As the curtains came down “Sine Die” for the 11th August House on June 15, 2017, some damning confessions from members of the house cast a thick shadow of doubt on the effectiveness of our public financial governance structure. While the admission by an outgoing MP to bribery of committee members to manipulate the outcome of matters before them is not news as it were, it’s the first time under the new constitutional order that this admission has been made before the mainstream media. Ironically, the word “August” is used to personify a great sense of dignity and supposedly meant to remind members of the sacred nature of the business they transact while in those precincts. How then do the words “Bribe” and the “August house” co-exist in the same sentence?

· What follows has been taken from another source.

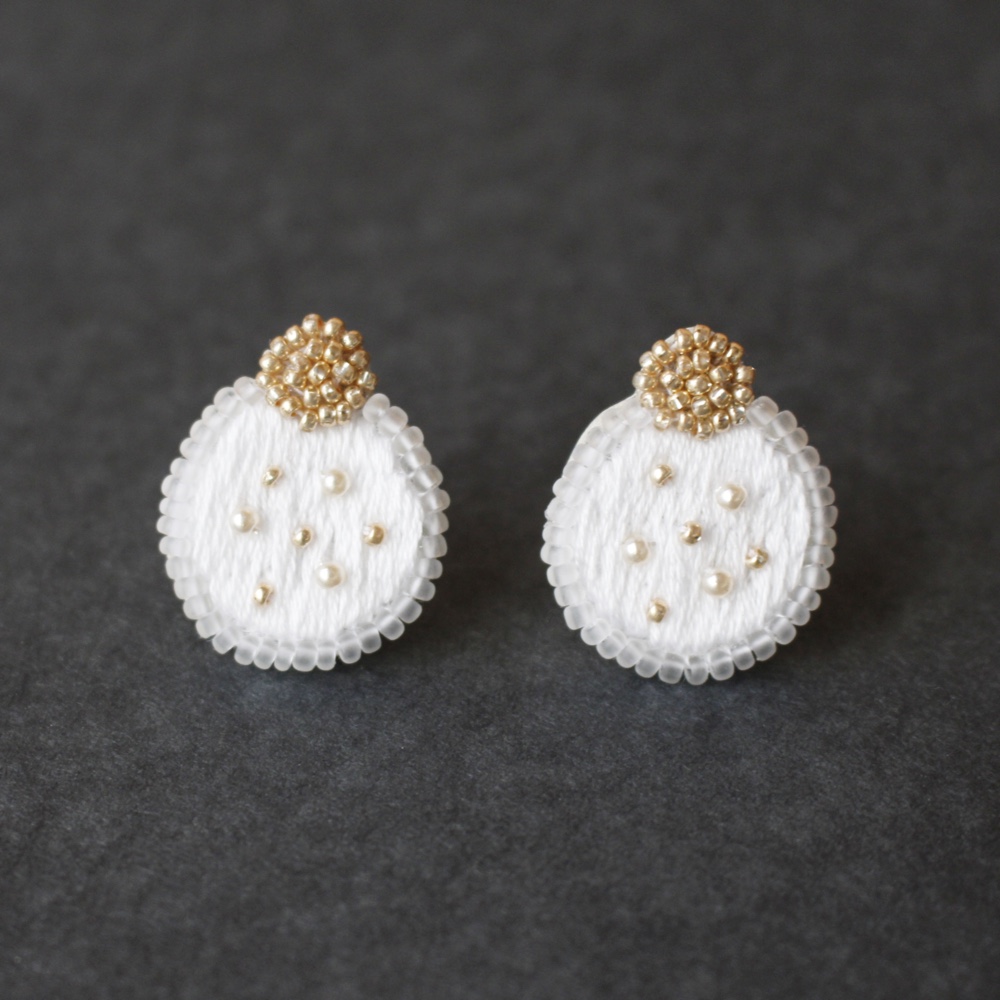 光の粒/ビーズ刺繍イヤリング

For those of us who may not be in the know, the Constitution of Kenya vests sweeping powers in the legislative arm of government as it relates to the handling of public resources. Unlike in the previous constitutional dispensation, the legislature has a major and active role in the allocation of public resources. This is in addition to their traditional “Sacred Oversight Responsibilities”. These sweeping powers are predicated on the members of the august house as elected representatives of the people, upon whom all sovereign power is vested in (Article 1 (1 &2)). The full weight of this misnomer in the August house becomes much clearer if we refer to Article 1 (4) that specifies that such powers are exercised at both national and county level. In other words, the happenings at The National Parliament implies similar occurrences (and this is an open secret) at the 47 County Assemblies.

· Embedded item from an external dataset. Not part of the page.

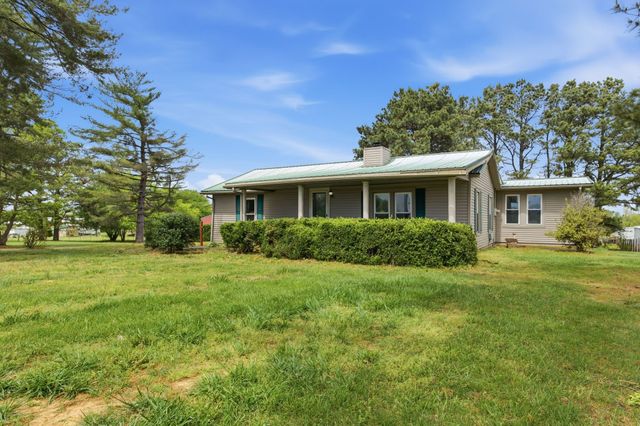 2495 Highway 52, E, Portland, TN 37148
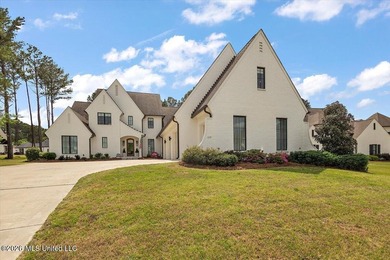 Stunning home with scenic views of 18th hole on Reunion's - photo 2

With this knowledge in mind, the fundamental question to ask here is: “If the men and women upon whom a sacred responsibility of oversight is vested can be bribed with as little as Ksh. 20,000 to auction the interest and will of the people, what hope is left for Kenyans”? Who shall stand in guard for the trillions of tax payers money allocated every year to the various state Ministries, Departments and Agencies (MDAs)?

The quick answer is that ultimately, the people of Kenya can exercise their sovereign power directly as per Article 1 (2) if they no longer trust their elected representatives. However, the modalities
of exercising this direct power is ridden with complex and delicate web that in reality may never be achieved unless the present “status quo” is broken. For example, when the all powerful Parliamentary Account Committee (PAC) of the 11th August house was riddled with a bribery scandal in 2015, the then chair Hon. Ababu Namwamba declared publicly that they were accountable as a committee and by extension the entire assembly of the house to no other power other than the people of Kenya. As true as it is, all we know is that the worst that happened was to remove the chair and a reconstitution of the committee with majority of the accused committee members retaining their seats in the reconstituted PAC. Another question then arises: How can the people of Kenya effectively exercise this sovereign power directly to hold their elected representatives accountable?

The Constitution provides at least 2 direct options (1) Through the ballot every five years (Articles (38, 81, 101 & 177 (1)), and (2) The recall clause (Articles 104). The third option can be inferred directly from Article 1 (2) and shall be the subject of my discussion in the rest of this article. Article 1(2) grants the citizens the right and powers to directly exercise their sovereignty in the governance and management of public affairs.

The constitution enshrines the direct exercise of this sovereignty by the citizens through public participation, especially in the governance and management of public resources (Articles 174 (c) & 201 (a)). The various legislations to operationalise the different chapters of the constitution have provided for diverse mechanisms to allow public participation in the governance of the country at both the national and devolved units. The various mechanisms include advertisements in both print, TV and Radio media; technology based platforms like websites and social media; public barazas; town hall type of engagements; and engagement of opinion leaders and professional groups.

Since the inauguration of the constitution in august 2010, these various mechanisms have been applied by the various government units and agencies to varying degrees. However, the most commonly used methods have been advertisements in the media, websites and public barazas. These commonly used public participation forums lack the intensity and engagement that can be achieved through town hall type meetings and engagement of opinion leaders and professional bodies. This takes us back to the central argument of this article on what options the citizens have to hold the August house accountable in the exercise of their oversight mandate as elected representatives of the people.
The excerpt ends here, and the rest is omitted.